*Aim of the exercise:*
Beginning with the line containing "Gloria Kaveski-Nyul's profile image" and ending at the last line of the data, set down every line exactly, leaving out all pictures.

*Dataset:*
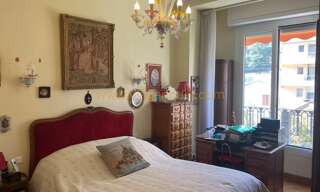 Appartement 59 m² en viager Nice (06200)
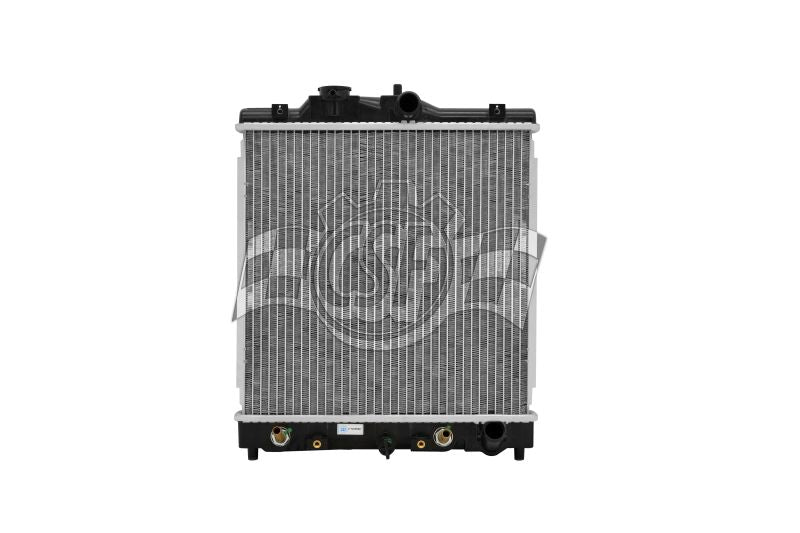 Koyo auto part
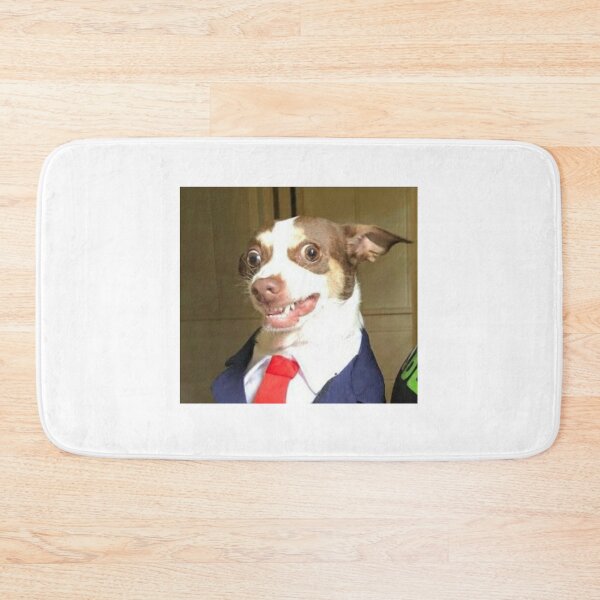 Item preview, mr bubz designed and sold by boutique0.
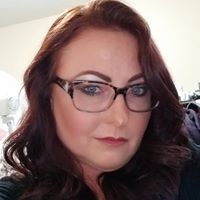 Gloria Kaveski-Nyul's profile image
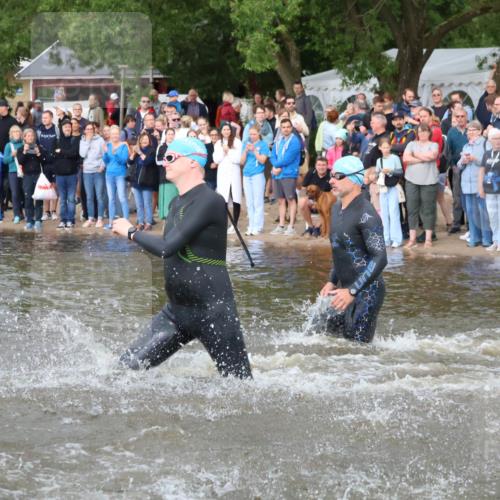 23.06.2024 - Viking Triathlon H.Heesch http://msf.ph/oto/6343666 23.06.2024 10:03:38 Schwimmen 36, 67, 167, 187, 193, 230, 270, 283, 289, 335, 352, 367, 424, 449, 466, 493, 512, 522 meine-sportfotos.de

*Exercise answer:*
 Gloria Kaveski-Nyul's profile image
 23.06.2024 - Viking Triathlon H.Heesch http://msf.ph/oto/6343666 23.06.2024 10:03:38 Schwimmen 36, 67, 167, 187, 193, 230, 270, 283, 289, 335, 352, 367, 424, 449, 466, 493, 512, 522 meine-sportfotos.de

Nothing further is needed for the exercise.